**TASK PROMPT**
Set down the line containing "Une illustration sur" and each line after it through the last line of the records, exactly, leaving pictures out.

**INFORMATION GIVEN**
####

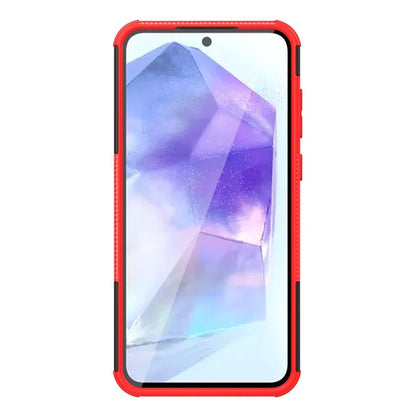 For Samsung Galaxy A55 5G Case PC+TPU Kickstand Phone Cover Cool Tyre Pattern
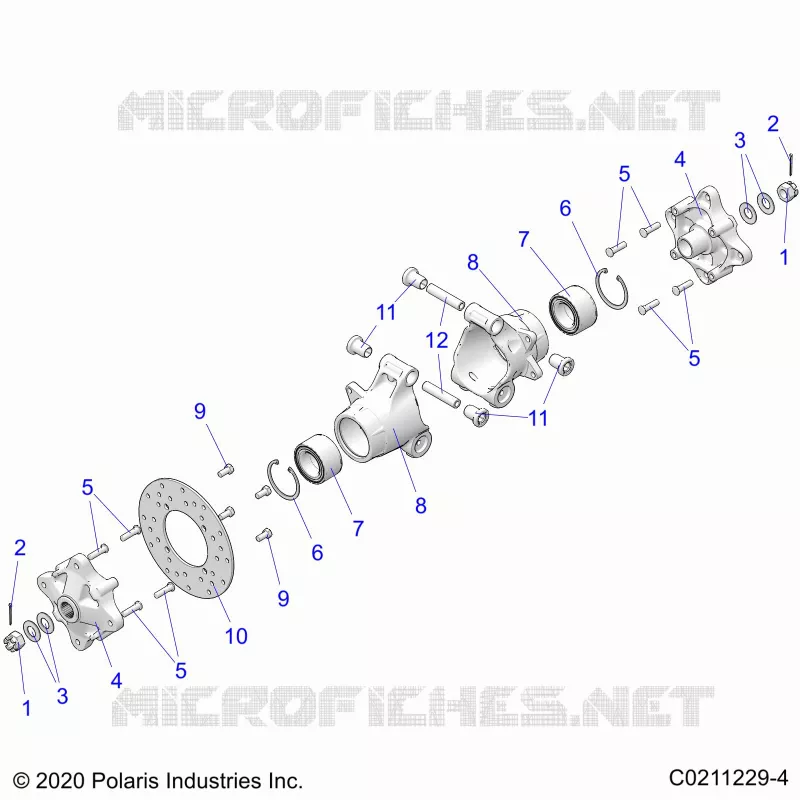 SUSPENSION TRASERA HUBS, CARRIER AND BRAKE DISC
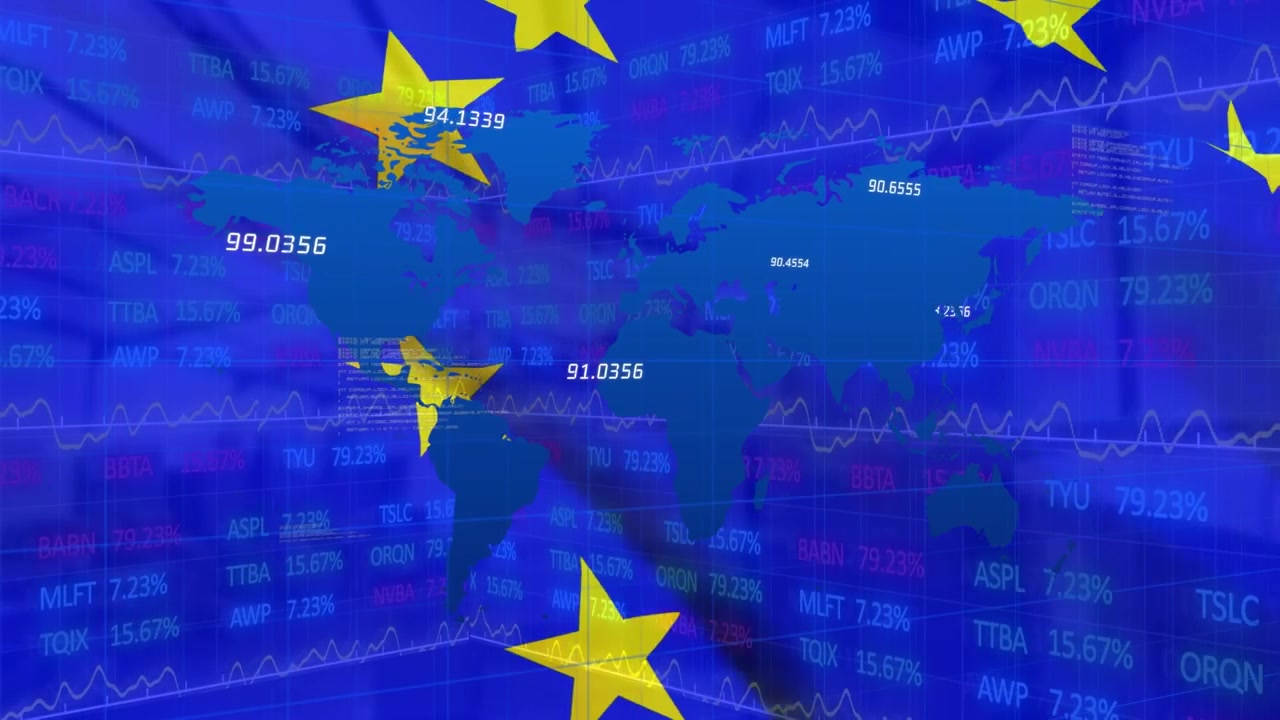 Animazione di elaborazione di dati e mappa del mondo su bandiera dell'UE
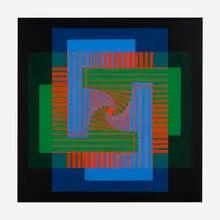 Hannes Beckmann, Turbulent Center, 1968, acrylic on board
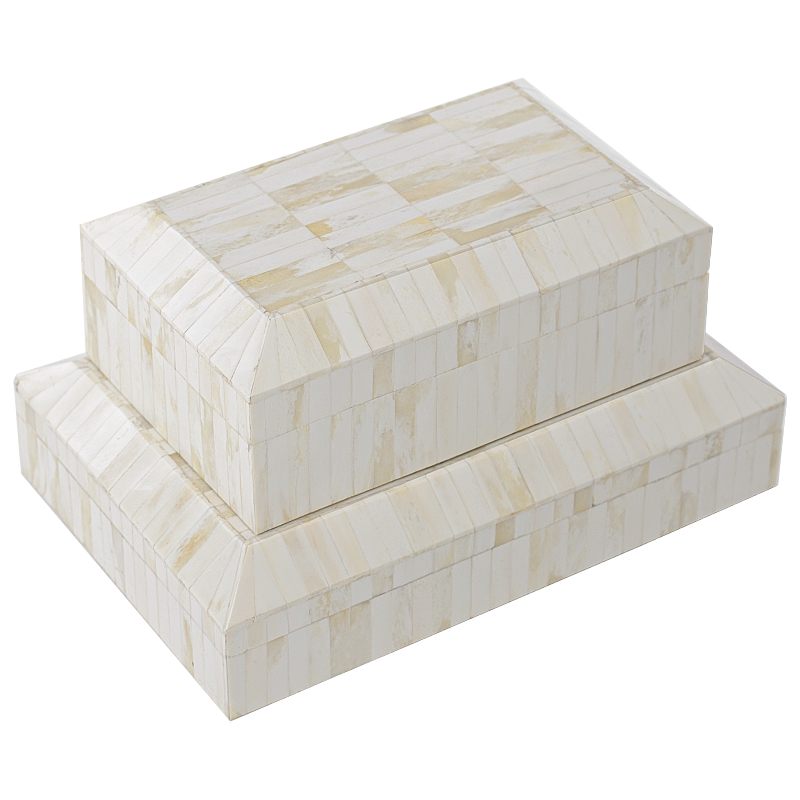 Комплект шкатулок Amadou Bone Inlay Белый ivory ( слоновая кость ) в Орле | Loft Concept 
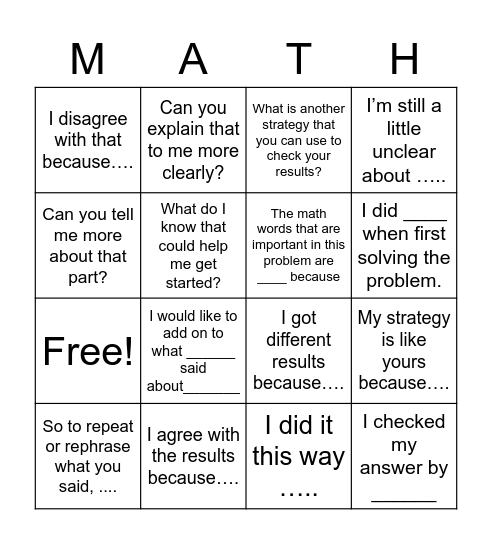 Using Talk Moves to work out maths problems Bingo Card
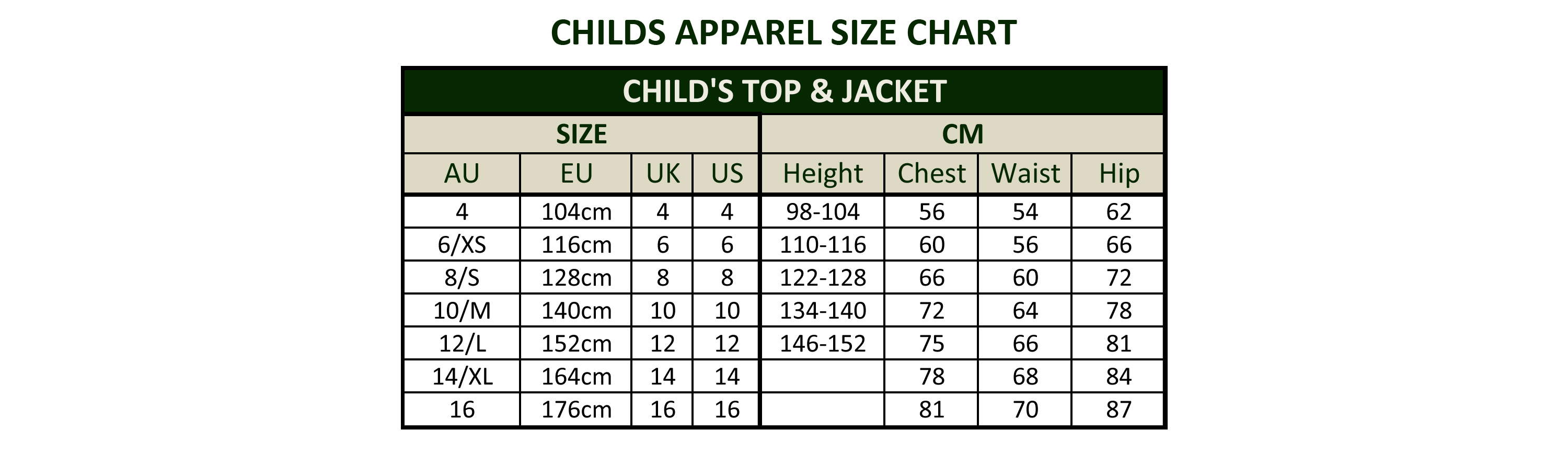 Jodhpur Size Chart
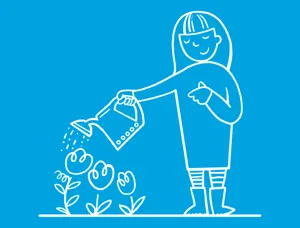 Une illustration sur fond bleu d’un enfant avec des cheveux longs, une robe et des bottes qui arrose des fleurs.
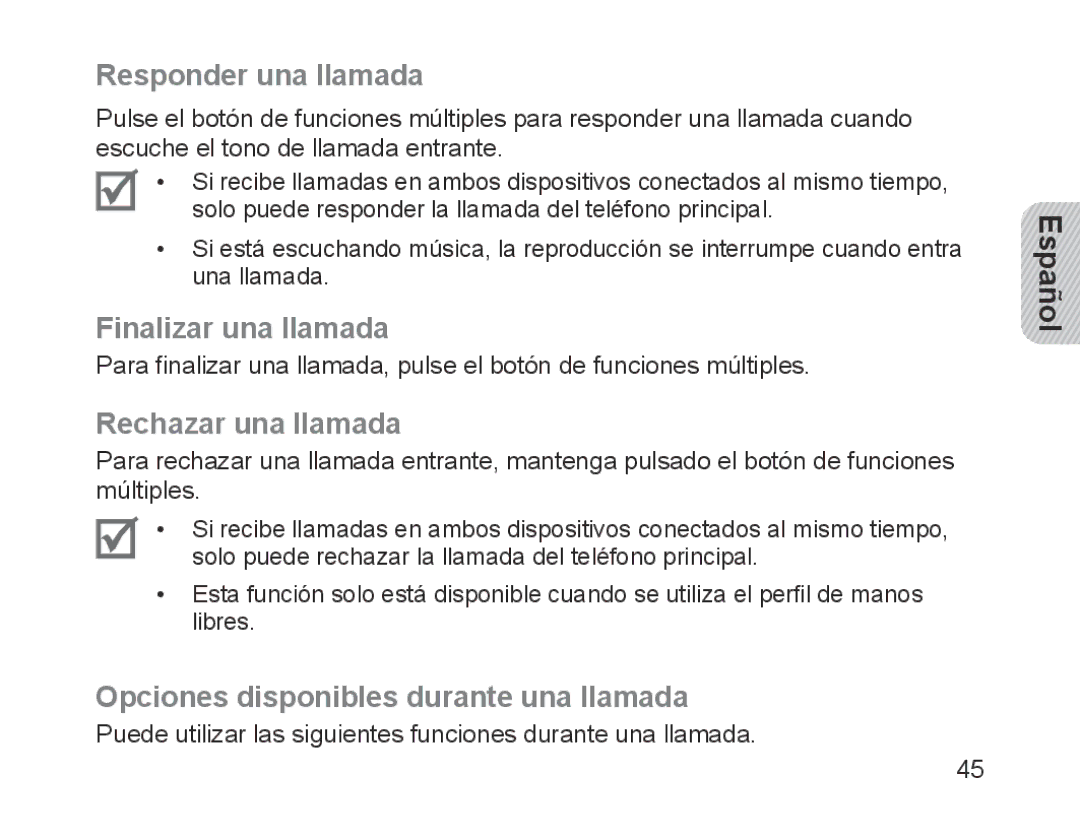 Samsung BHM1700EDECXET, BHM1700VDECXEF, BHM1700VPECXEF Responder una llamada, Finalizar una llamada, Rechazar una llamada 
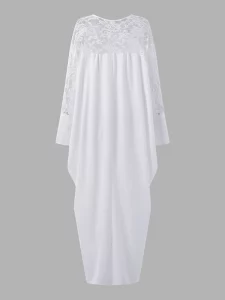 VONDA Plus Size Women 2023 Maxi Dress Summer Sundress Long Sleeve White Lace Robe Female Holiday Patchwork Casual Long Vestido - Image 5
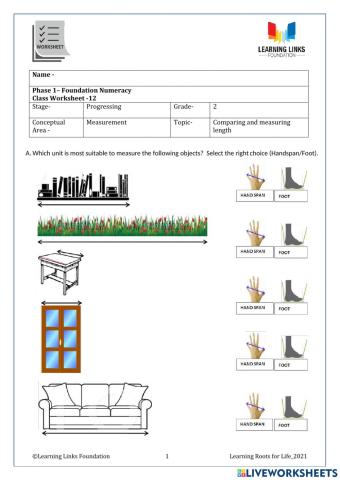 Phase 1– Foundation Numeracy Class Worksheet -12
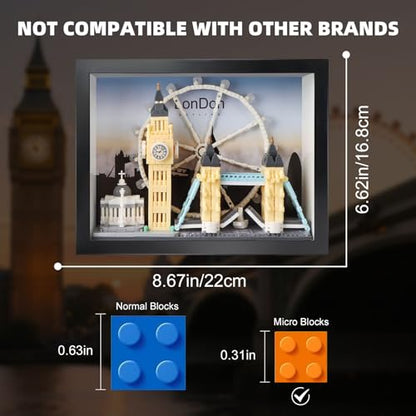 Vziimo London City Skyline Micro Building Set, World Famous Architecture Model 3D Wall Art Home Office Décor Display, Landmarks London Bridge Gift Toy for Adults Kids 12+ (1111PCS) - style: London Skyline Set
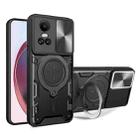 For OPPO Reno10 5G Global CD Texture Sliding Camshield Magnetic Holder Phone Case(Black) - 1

####

**SOLVED EXERCISE**
 Une illustration sur fond bleu d’un enfant avec des cheveux longs, une robe et des bottes qui arrose des fleurs.
 Samsung BHM1700EDECXET, BHM1700VDECXEF, BHM1700VPECXEF Responder una llamada, Finalizar una llamada, Rechazar una llamada 
 VONDA Plus Size Women 2023 Maxi Dress Summer Sundress Long Sleeve White Lace Robe Female Holiday Patchwork Casual Long Vestido - Image 5
 Phase 1– Foundation Numeracy Class Worksheet -12
 Vziimo London City Skyline Micro Building Set, World Famous Architecture Model 3D Wall Art Home Office Décor Display, Landmarks London Bridge Gift Toy for Adults Kids 12+ (1111PCS) - style: London Skyline Set
 For OPPO Reno10 5G Global CD Texture Sliding Camshield Magnetic Holder Phone Case(Black) - 1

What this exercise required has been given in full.